Of course the approach is different. Audi needs to sell the e-tron to customers bred on internal combustion, those that need persuading to make the switch. Tesla had it easy. They soaked up those early adopters, those that wanted to embrace the tech. Now is when we find out what Tesla is really made of. Recently, it massively slashed prices (the Model X 100D by £9,750) – nothing to do with the threat of arriving rivals, says Tesla, but a long-term strategic goal. But also no support for those who have just seen thousands wiped off their car’s value. Well, if you’d bought a car recently, you could get Autopilot for half price. Big deal.

Storm Gareth is sweeping Exmoor with 50mph horizontal rain, which nullified my tardiness. We shelter in the Tesla. It’s a six-seater with captain’s chairs for the middle row. Five seats are standard; this is a £5,900 option. Ouch. I still can’t believe the falcon-wing doors aren’t only a concept. They can open in 11in of space, with sensors to prevent knocks against pillars or squeezing children. They do not, however, like closing in 50mph winds.

The cabin is massive, dominated up front by two screens – the 17-incher in the dash, and the eight-footer that arcs back over your head. I can’t decide whether I like this great slaphead or not. It’s tinted so sun glare isn’t an issue, and the sense of peripheral vision is great, but you also feel exposed underneath this see-through forehead.
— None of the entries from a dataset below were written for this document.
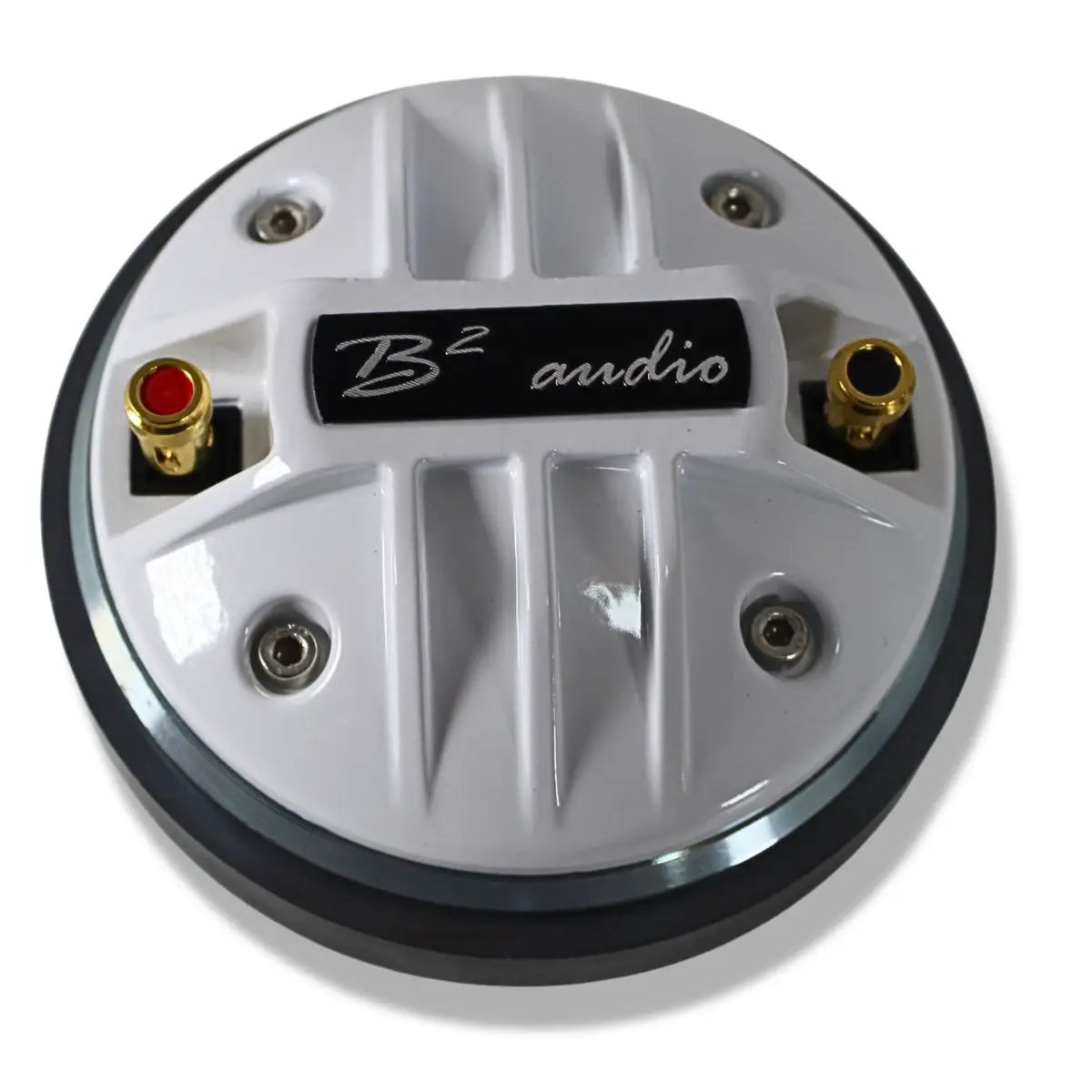 B2 Audio 200 Watt RMS 4 Ohm 1.75" VC Bolt On Compression Driver Pair B2-RAGECDR-44 - Car Audio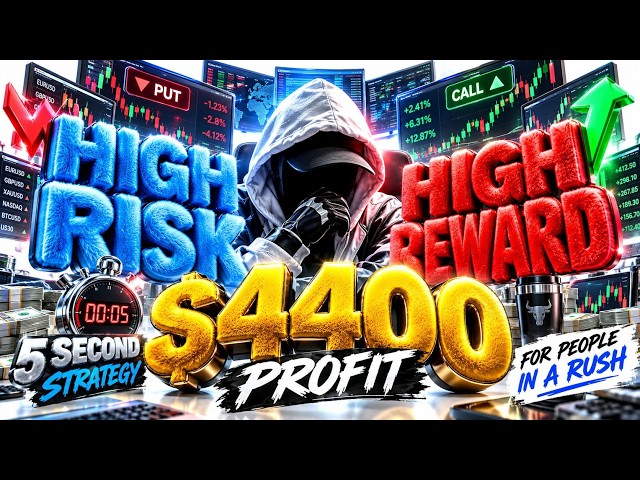 Binary Options Trading High Risk High Reward 5 Second Strategy For People In A Rush - $4400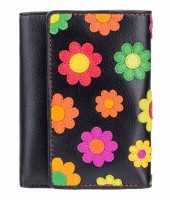 Женский кожаный кошелек Visconti ds81 blk/pc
The dash screen? Well, now everyone seems to be going to touchscreen, this is the biggest and the best. As big as a road atlas, so we scout locations on it.

The others feel very normal in comparison. Two seats up front, three in the back. Head and legroom passable, but not remarkable, the sense of theatre and drama turned right down. Not much for kids to get excited about. Where they both, especially the Audi, give the Tesla a good kicking is fit and finish. The Model X is not nearly so tightly assembled. But both Europeans also feel fussy and overly complex inside – squinting at screens, ploughing through menu systems, figuring out the functionality.

The Tesla is simpler. And more playful. Where the Audi and Jaguar label their driving modes Eco and Efficiency, the Tesla goes for Chill. Can’t see Audi giving its cars a Fart mode any time soon, either. That has my family in stitches for an entire trip. Childish? Absolutely. But do cars need to be so serious? I enjoy spending time in the Tesla more than the others because it’s different. That would wear off, I know, and I’d get frustrated by the unsupportive seats, less cosy driving position and, yep, the way it looks outside.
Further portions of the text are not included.